_TO DO_: Restate each line of the listing exactly, without carrying over any pictures.

_DATA RECORDS_:
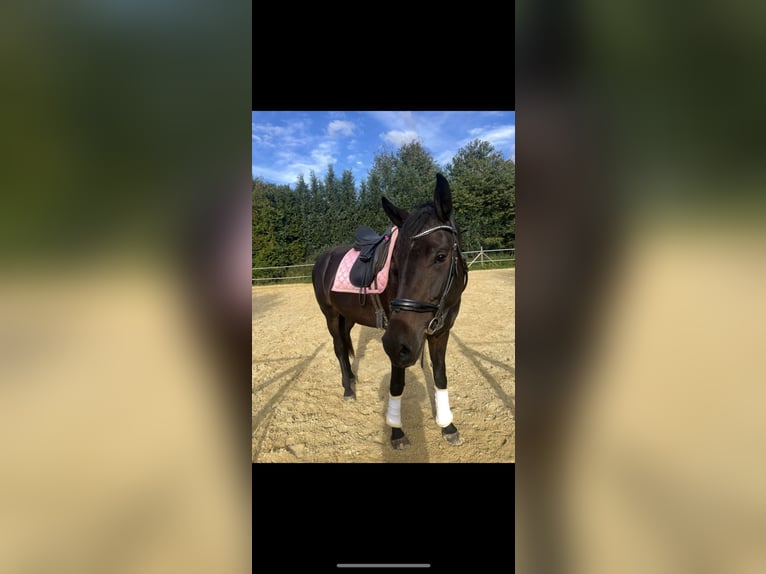 Hanovrien Jument 5 Ans 181 cm Noir in Morsbach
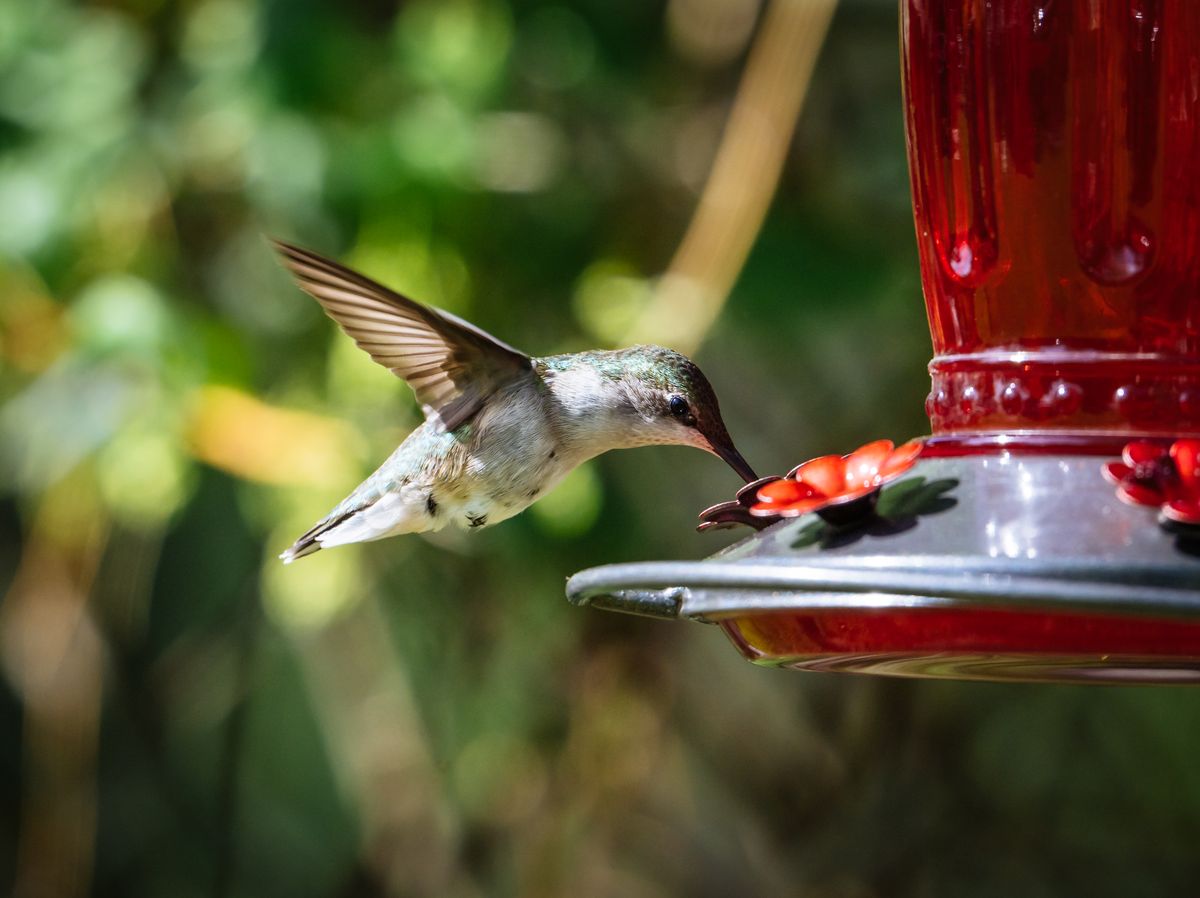 Close-up of a hummingbird feeding at a vibrant red feeder in natural sunlight.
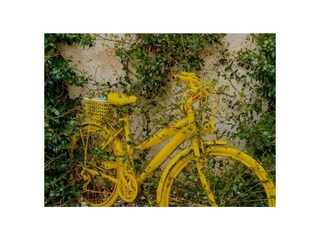 Villa Orasac Ambiente 18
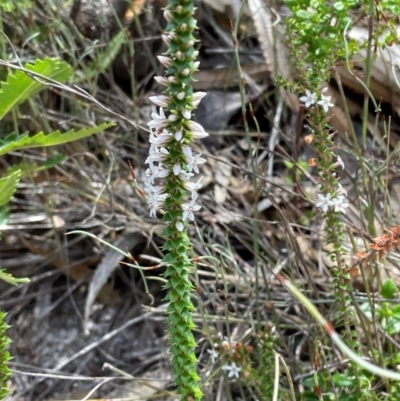 Epacris pulchella (Wallum Heath) at Dudley, NSW - 22 Jan 2024 by Mavis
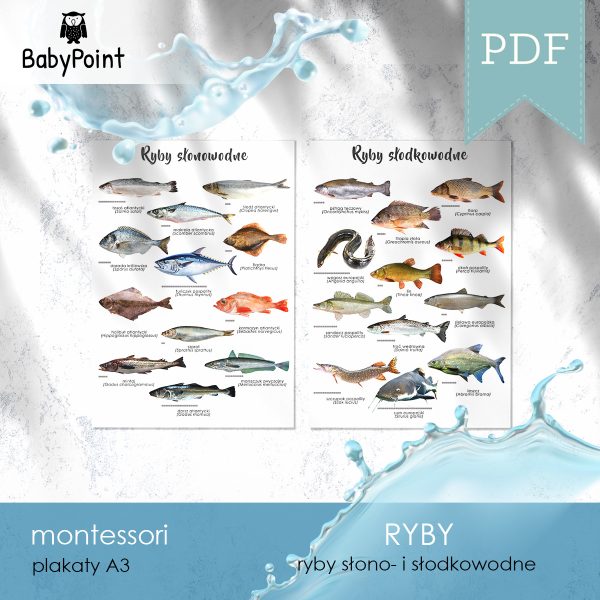 RYBY - Plakaty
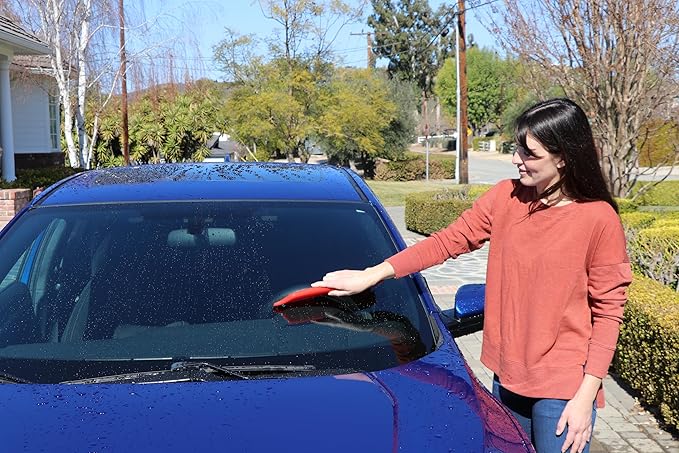 The Original California Car Duster 20080 12" Jelly Blade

_TASK OUTPUT_:
 Hanovrien Jument 5 Ans 181 cm Noir in Morsbach
 Close-up of a hummingbird feeding at a vibrant red feeder in natural sunlight.
 Villa Orasac Ambiente 18
 Epacris pulchella (Wallum Heath) at Dudley, NSW - 22 Jan 2024 by Mavis
 RYBY - Plakaty
 The Original California Car Duster 20080 12" Jelly Blade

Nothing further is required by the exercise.